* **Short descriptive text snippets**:
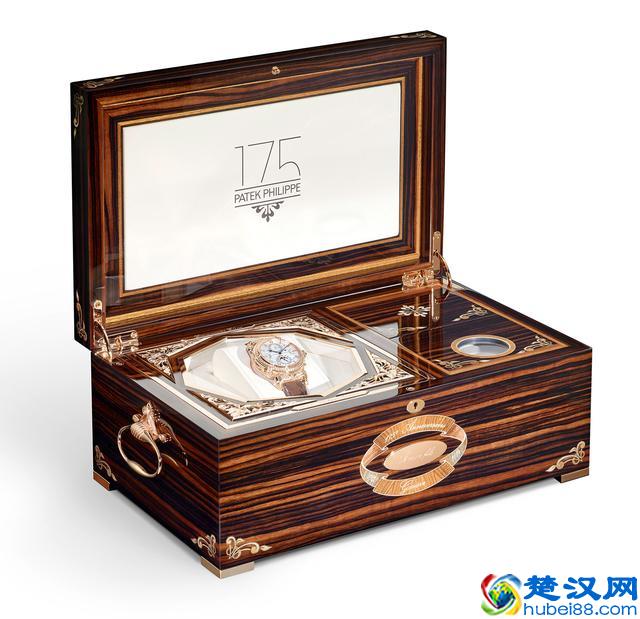 土豪买奢侈表是什么心态？最后一句说得真好！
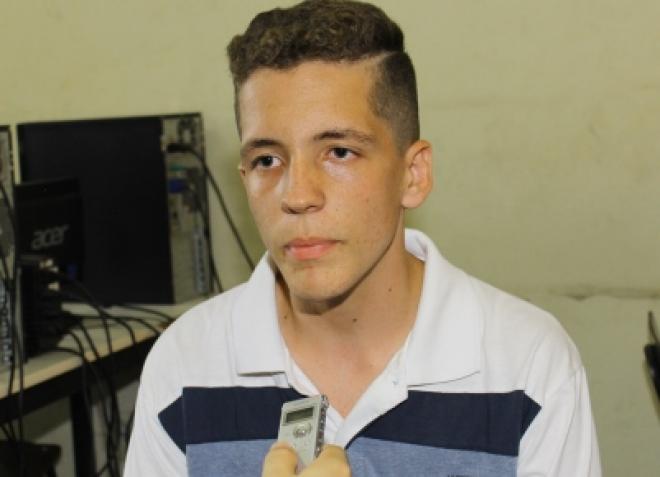 Gildson Araújo foi contratado por uma empresa como Jovem Aprendiz  
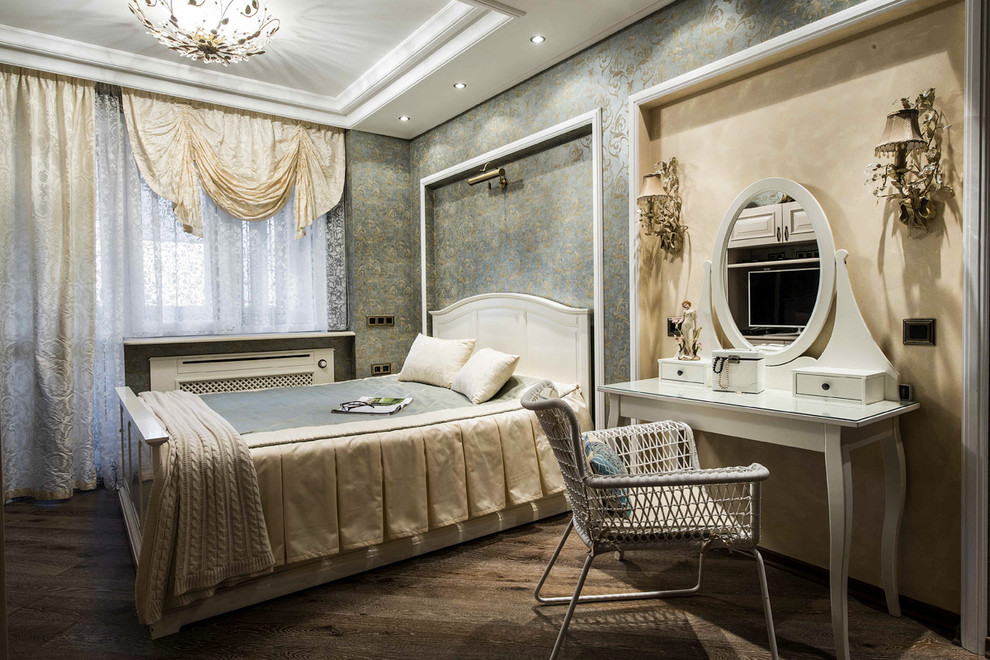 Example of a mid-sized classic bedroom design in Moscow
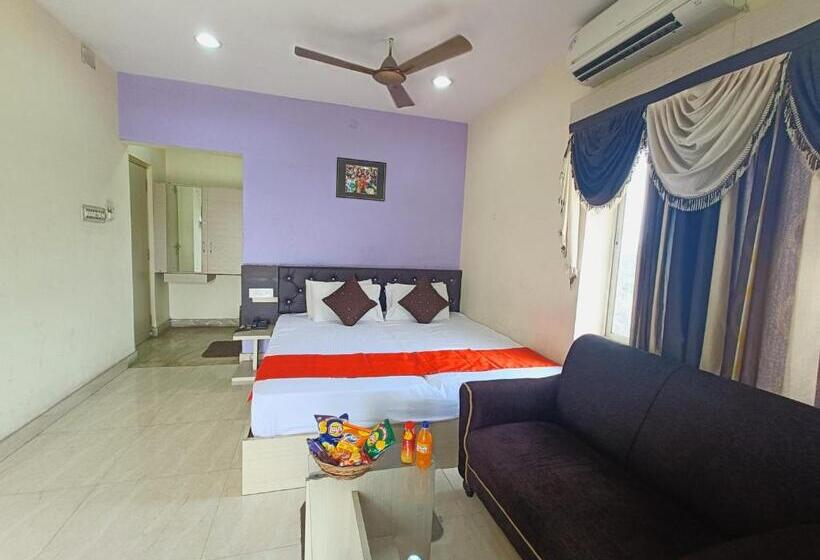 호텔 Reliance Guest House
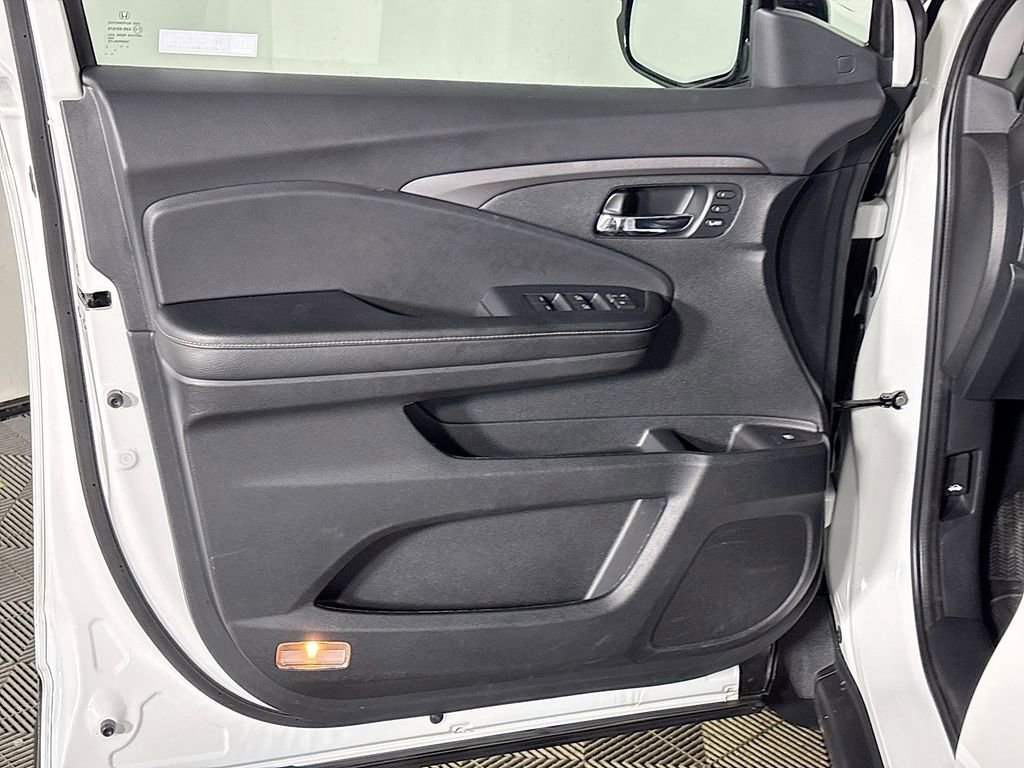 Used 2023 Honda Ridgeline RTL-E image 10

* **Exercise**: The reply must consist of the records, repeated exactly, minus any images.

* **Your response**:
 土豪买奢侈表是什么心态？最后一句说得真好！
 Gildson Araújo foi contratado por uma empresa como Jovem Aprendiz  
 Example of a mid-sized classic bedroom design in Moscow
 호텔 Reliance Guest House
 Used 2023 Honda Ridgeline RTL-E image 10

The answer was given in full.